Work instruction:
The expected output is the data below, character for character, without its pictures.

Dataset section:
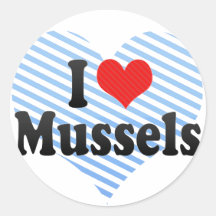 I Love Mussels Stickers
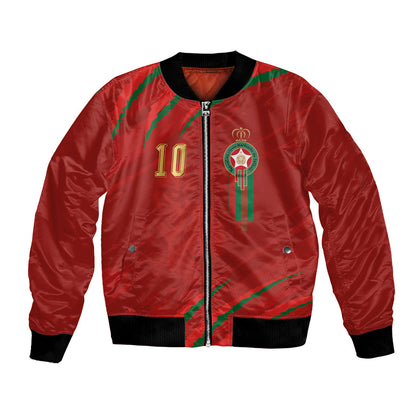Custom Morocco National Football Bomber Jacket Atlas Lions-Claws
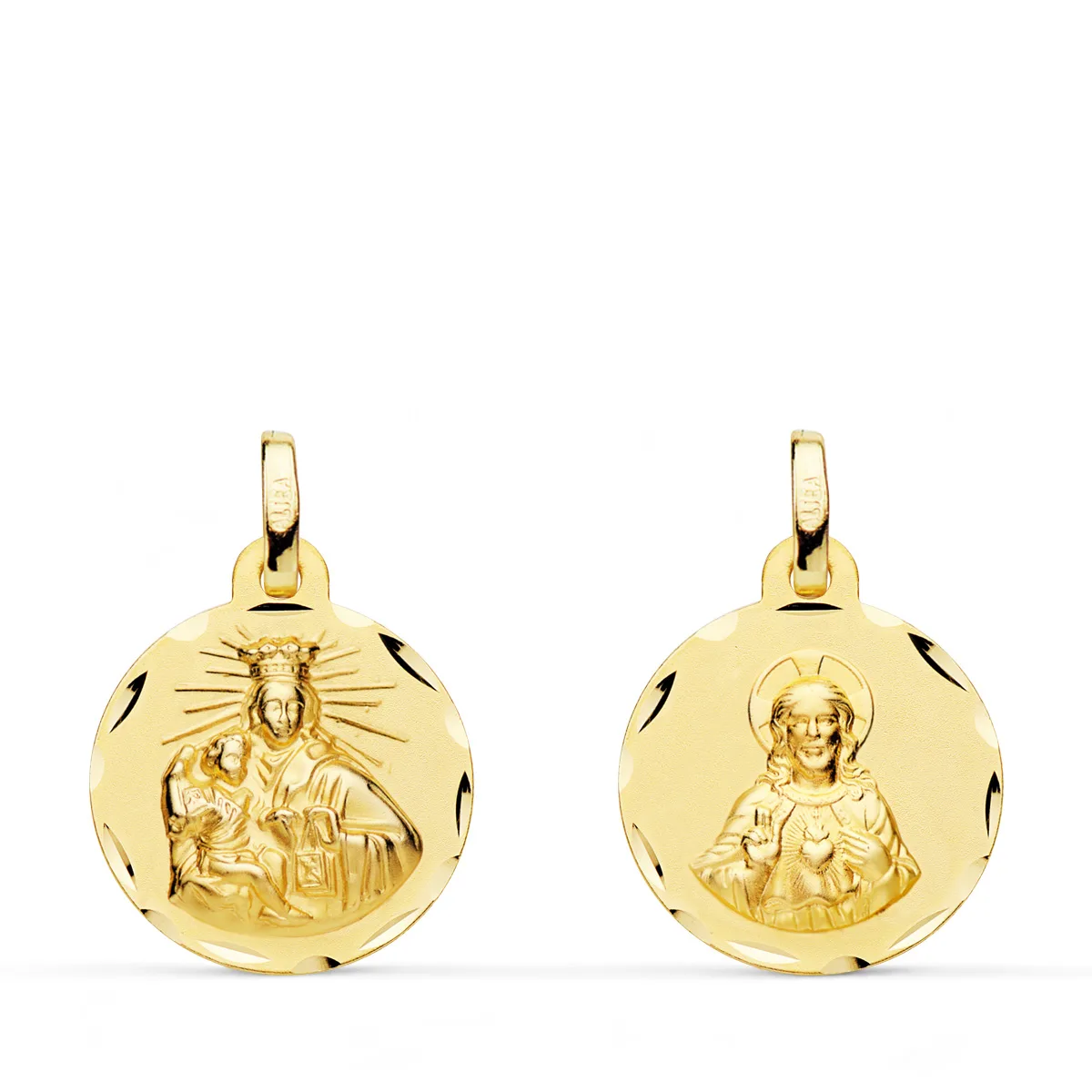 18K ESCAPULARIO ORO AMARILLO CORAZON DE JESUS Y VIRGEN DEL CARMEN ORO AMARILLO TALLADO 16 MM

Task response:
 I Love Mussels Stickers
Custom Morocco National Football Bomber Jacket Atlas Lions-Claws
 18K ESCAPULARIO ORO AMARILLO CORAZON DE JESUS Y VIRGEN DEL CARMEN ORO AMARILLO TALLADO 16 MM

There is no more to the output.